Irak-Debatte : Schlaflos in Washington

Mit einer nächtlichen Dauersitzung im US-Senat haben die Demokraten gegen die Blockadehaltung der Republikaner in der Irak-Politik protestiert. Sie fordern einen raschen Truppenabzug.

Peter Wütherich[AFP]
Protest gegen Irak-Krieg
Demonstranten vor dem US-Kongress. -Foto: AFP

WashingtonEinige flinke Handgriffe des Personals haben genügt, und schon war der stolze Kuppelbau des US-Kongresses in ein Nachtlager umgewandelt. In einem Raum neben dem Plenarsaal des Senats stellten die Helfer am Dienstagabend Klappbetten auf, zogen frisches Leinen auf und legten Zahnbürsten bereit. Der Einsatz war nötig geworden, weil die Demokraten in ihrem Kampf für einen Kurswechsel in der Irak-Politik zu einem der subtilen Folterwerkzeuge des amerikanischen Parlamentarismus gegriffen hatten: Schlafentzug. Aus Ärger über den ergebnislosen Irak-Streit verdonnerte Mehrheitsführer Harry Reid den Senat zu einer nächtlichen Dauersitzung, um den Widerstand der Republikaner gegen einen raschen Abzug zu brechen.

"Wir werden niemandem eine ruhige Nacht gönnen", drohte Reid vor der Debatte. "Eine schlaflose Nacht im Senat ist kein großes Opfer im Vergleich zu den schlaflosen Nächten, die unsere Soldaten und ihre Familien verbringen", sagte sein Parteifreund Richard Durbin. Aus ihrem Motiv für die Debatte zur Geisterstunde, die sich mindestens bis Mittwoch ziehen sollte, machten die Demokraten keinen Hehl: Sie sind frustriert. Für ihren Antrag, die US-Soldaten bis April 2008 weitgehend aus dem Irak abzuziehen, haben sie wohl eine Mehrheit unter den 100 Senatoren. Die Republikaner verhindern aber, dass der Antrag überhaupt zur Abstimmung gestellt wird. Für eine solche Blockade reichen 40 Stimmen aus. Die Republikaner stellen 49 Senatoren.

"Schlechtes Theater"

Diese Besonderheit in der Geschäftsordnung des Senats führt dazu, dass die Demokraten trotz ihrer Mehrheit in beiden Häusern des Kongresses bislang kaum gegen die Republikaner von US-Präsident George W. Bush punkten konnten. Senator Reid hofft, die Blockadehaltung der Republikaner durch die Nachtsitzung vor der Öffentlichkeit bloßzustellen. Seit vier Jahren hatte es keine derartige Nachtdebatte mehr gegeben.
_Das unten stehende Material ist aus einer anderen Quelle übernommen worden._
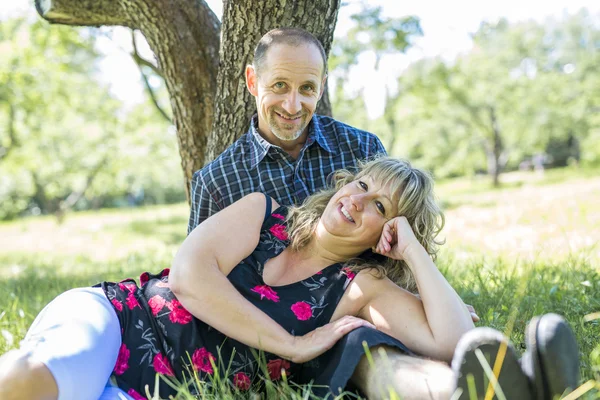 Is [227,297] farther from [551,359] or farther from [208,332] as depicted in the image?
[551,359]

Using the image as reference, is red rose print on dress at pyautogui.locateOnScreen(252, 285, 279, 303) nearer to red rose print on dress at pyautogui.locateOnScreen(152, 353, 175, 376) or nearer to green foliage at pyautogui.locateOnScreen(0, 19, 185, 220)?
red rose print on dress at pyautogui.locateOnScreen(152, 353, 175, 376)

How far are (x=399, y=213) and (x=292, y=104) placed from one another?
36.7 inches

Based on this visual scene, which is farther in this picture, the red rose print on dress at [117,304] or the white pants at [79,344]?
the red rose print on dress at [117,304]

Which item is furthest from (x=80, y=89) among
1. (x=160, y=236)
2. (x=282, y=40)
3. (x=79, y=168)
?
(x=282, y=40)

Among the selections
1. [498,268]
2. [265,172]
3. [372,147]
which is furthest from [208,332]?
[498,268]

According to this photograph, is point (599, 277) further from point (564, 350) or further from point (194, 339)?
point (194, 339)

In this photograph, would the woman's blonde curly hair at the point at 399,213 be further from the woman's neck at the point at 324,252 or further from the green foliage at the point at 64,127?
the green foliage at the point at 64,127

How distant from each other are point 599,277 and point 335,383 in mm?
2617

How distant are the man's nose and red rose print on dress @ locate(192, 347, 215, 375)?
4.60ft

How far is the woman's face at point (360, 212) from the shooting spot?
253cm

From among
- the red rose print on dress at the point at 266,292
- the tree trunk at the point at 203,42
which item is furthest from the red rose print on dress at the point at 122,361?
the tree trunk at the point at 203,42

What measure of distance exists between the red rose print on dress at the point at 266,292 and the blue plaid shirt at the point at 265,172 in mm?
757

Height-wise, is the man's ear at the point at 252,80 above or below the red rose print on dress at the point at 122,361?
above

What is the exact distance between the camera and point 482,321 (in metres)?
3.20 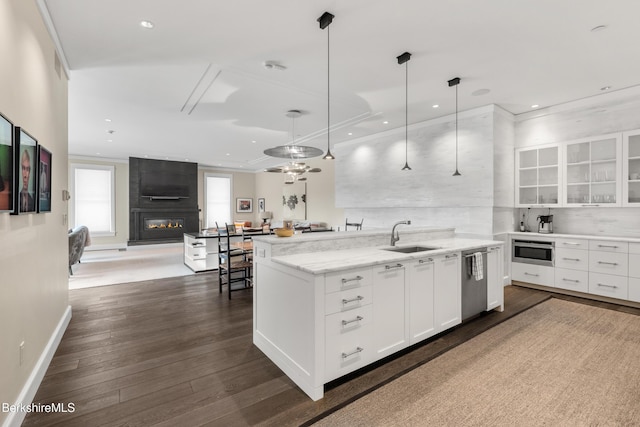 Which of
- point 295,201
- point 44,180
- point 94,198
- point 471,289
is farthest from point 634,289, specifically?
point 94,198

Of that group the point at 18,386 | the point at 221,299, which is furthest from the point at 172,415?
the point at 221,299

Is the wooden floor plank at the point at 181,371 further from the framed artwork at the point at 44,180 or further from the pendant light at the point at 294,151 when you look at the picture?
the pendant light at the point at 294,151

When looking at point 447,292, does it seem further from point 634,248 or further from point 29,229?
point 29,229

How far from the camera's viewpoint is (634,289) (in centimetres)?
386

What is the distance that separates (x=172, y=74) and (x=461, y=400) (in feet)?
14.6

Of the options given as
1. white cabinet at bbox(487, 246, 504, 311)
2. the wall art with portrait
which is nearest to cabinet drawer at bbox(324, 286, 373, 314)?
white cabinet at bbox(487, 246, 504, 311)

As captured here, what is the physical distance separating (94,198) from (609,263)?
12.5 m

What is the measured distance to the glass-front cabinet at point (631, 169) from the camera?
4.01 m

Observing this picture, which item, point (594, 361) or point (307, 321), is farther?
point (594, 361)

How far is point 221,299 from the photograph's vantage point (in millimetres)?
4332

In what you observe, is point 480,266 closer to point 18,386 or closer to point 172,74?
point 18,386

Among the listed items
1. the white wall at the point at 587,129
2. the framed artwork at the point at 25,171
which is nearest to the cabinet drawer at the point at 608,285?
the white wall at the point at 587,129

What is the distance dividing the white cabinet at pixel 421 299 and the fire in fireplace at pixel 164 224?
31.6 ft

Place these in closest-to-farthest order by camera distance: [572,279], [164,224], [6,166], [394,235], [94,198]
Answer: [6,166] → [394,235] → [572,279] → [94,198] → [164,224] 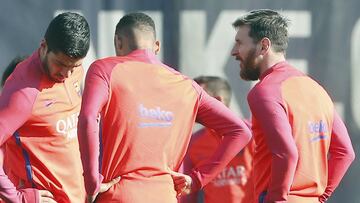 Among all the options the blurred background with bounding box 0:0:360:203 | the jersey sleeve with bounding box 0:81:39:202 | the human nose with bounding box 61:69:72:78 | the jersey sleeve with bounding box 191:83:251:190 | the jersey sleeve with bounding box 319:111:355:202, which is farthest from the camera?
the blurred background with bounding box 0:0:360:203

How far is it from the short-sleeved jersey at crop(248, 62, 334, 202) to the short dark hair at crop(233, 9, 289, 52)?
0.12m

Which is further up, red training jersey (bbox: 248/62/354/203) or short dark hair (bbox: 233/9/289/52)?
short dark hair (bbox: 233/9/289/52)

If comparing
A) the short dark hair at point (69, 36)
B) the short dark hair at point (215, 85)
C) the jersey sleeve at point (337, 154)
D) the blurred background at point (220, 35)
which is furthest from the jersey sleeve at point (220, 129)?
the blurred background at point (220, 35)

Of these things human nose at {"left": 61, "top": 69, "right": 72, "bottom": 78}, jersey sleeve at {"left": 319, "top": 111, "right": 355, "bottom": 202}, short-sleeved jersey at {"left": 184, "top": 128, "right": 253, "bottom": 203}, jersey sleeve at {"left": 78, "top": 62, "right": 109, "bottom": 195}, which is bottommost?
short-sleeved jersey at {"left": 184, "top": 128, "right": 253, "bottom": 203}

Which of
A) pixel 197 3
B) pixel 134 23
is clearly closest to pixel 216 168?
pixel 134 23

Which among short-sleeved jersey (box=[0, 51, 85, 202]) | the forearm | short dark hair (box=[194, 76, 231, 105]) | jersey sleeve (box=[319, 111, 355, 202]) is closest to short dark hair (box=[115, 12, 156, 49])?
short-sleeved jersey (box=[0, 51, 85, 202])

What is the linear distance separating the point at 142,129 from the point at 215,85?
189 centimetres

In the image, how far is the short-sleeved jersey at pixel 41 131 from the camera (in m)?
4.61

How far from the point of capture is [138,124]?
4.60 m

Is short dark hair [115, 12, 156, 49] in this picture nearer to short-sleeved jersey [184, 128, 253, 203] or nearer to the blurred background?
short-sleeved jersey [184, 128, 253, 203]

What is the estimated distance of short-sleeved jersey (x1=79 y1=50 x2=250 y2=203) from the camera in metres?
4.50

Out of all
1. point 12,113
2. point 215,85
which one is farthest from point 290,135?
point 215,85

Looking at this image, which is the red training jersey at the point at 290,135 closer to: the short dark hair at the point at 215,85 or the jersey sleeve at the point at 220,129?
the jersey sleeve at the point at 220,129

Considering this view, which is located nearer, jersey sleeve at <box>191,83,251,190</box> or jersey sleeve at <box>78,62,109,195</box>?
jersey sleeve at <box>78,62,109,195</box> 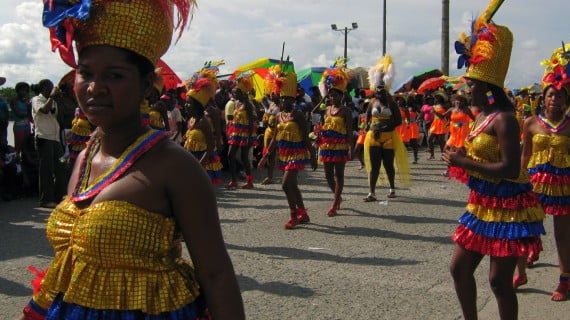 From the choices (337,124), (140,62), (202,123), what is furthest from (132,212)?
(337,124)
Die Republikaner reagierten trotzig. "Ich halte das für Theater, und zwar für schlechtes Theater", sagte ihr Fraktionschef Mitch McConnell. "Aber wenn sie es wollen, bleiben wir wach." Mit der Androhung von Voten sorgten die Demokraten für dauerhafte Präsenz der Senatoren. Die Betten im Ruhezimmer nebenan waren nur für akute Müdigkeitsattacken bestimmt.

Während sich die Demokraten betont aufgekratzt gaben, ließen die Republikaner Müdigkeit durchscheinen. "Nachts habe ich eigentlich Besseres zu tun", verriet ihr Senator Larry Craig. Senator John McCain verdrehte am Rednerpult genervt die Augen und sagte: "Das wird zu nichts führen." Sein Parteifreund Senator Mel Martinez warnte die Demokraten, dass sie mit ihrer Aktion "ihre Karten überreizen". Der Republikaner Kit Bond stöhnte über die "seichte Polit-Show". Der demokratische Senator Chuck Schumer entgegnete süffisant: "Wir glauben, dass die nächtliche Debatte einen Eindruck von der Dringlichkeit und der Leidenschaft des Themas vermitteln kann."

Kriegsmüdigkeit wächst auch bei Republikanern

Die Wortgefechte sind Ausdruck der Ratlosigkeit, welche die Institutionen in Washington angesichts der verfahrenen Lage im Irak befallen hat. Der demokratische Senator Carl Levin, Mitautor des Abzugsentwurfs, bekannte seine Frustration: "Wir haben ein Glas namens Irak mit einem Loch im Boden, und egal was wir in das Glas füllen, es fließt immer wieder unten raus."

Drei republikanische Senatoren haben in offenem Widerstand gegen ihren Präsidenten angekündigt, für die Vorlage zu stimmen. Befeuert von der Furcht vor einer Niederlage bei den Wahlen 2008 wächst auch in Bushs Partei die Kriegsmüdigkeit. Der Präsident freilich will Kurs halten und jeden Plan für einen Abzug durch sein Veto blockieren. Ein Ende des Streits ist nicht in Sicht.